On est donc consterné devant une comparaison qui, sans légitimer le meurtre lui-même, ose lui trouver des circonstances atténuantes. Deux fautes simultanées. D’une part, l’incroyable confusion entre la mise en cause d’une religion et l’insulte à une personne comme telle. D’autre part, une étrange conception de la justice, puisque le pape d’une religion dite d’amour trouve justifié qu’en cas d’insulte personnelle, on se fasse justice à soi-même par une violence physique. Nous sommes loin de la parabole de la joue tendue.
Mais il y a plus grave, la volonté implicite de pénaliser le blasphème par une sorte de chantage : «Pour éviter les violences criminelles, respectez la religion !» D’où la question : qu’est-ce qui est respectable ? Issu d’un mot latin qui désigne le regard empreint de considération (respectus), le respect s’applique aux personnes et non aux choses ou aux croyances. C’est le sentiment qu’un être humain, comme tel, mérite des égards. Bref, ce qui est respectable, c’est la personne humaine et sa liberté, non sa conviction particulière. Ainsi, par exemple, le propos de Philippe Tesson insultant les musulmans comme tels («Les musulmans amènent la merde en France aujourd’hui.») relève de l’injure raciste, puisqu’il met en cause non une conception religieuse mais un groupe de personnes en raison de leur religion. De façon similaire, toute dérision portant sur la Shoah fait insulte à la mémoire douloureuse des Juifs comme tels, et vaut délit. Il n’y a donc pas deux poids deux mesures pour une chose identique, mais deux choses rigoureusement distinctes au regard du droit.

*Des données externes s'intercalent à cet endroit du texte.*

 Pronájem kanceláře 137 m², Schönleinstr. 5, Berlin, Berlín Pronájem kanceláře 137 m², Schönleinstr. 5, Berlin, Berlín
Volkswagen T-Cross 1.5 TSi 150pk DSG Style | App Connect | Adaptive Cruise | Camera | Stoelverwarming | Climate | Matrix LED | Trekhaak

Les dessins satiriques de Charlie Hebdo, quant à eux, n’ont jamais visé les personnes ou les groupes de personnes comme tels.

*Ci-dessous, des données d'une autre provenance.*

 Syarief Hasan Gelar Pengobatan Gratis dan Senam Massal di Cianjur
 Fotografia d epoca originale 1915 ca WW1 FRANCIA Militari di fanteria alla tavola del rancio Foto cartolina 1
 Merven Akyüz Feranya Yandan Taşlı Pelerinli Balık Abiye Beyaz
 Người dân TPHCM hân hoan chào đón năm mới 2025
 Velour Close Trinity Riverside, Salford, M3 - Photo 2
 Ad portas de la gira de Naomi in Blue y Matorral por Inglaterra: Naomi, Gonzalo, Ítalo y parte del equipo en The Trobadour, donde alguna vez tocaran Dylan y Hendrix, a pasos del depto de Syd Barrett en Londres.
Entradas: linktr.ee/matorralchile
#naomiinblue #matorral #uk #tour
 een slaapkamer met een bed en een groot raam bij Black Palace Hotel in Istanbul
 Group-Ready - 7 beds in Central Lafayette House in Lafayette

Il faut d’ailleurs en finir avec les mots pièges qui amalgament la critique d’une religion à l’insulte des croyants. Le terme d’islamophobie est de ceux-là puisqu’il cherche à établir la confusion entre rejet d’une religion et rejet de ses fidèles. Le seul délit incontestable est le racisme qui vise les musulmans, c’est-à-dire la mise en cause d’une personne ou d’un groupe de personnes du fait de sa religion. Dans le même esprit, l’antisémitisme est à l’évidence un délit, mais la judaïsmophobie, si l’on entend par là le rejet de la religion de certains juifs, ne pourrait être confondue avec le racisme anti-juif. Imaginons enfin que les athées, ulcérés d’être considérés comme des vecteurs d’immoralisme, inventent le terme athéophobie et proclament que toute caricature de l’athéisme est un délit. Nombre de religieux ne se privent pas de telles violences polémiques, et ils en ont le droit tant qu’ils ne visent qu’une conviction.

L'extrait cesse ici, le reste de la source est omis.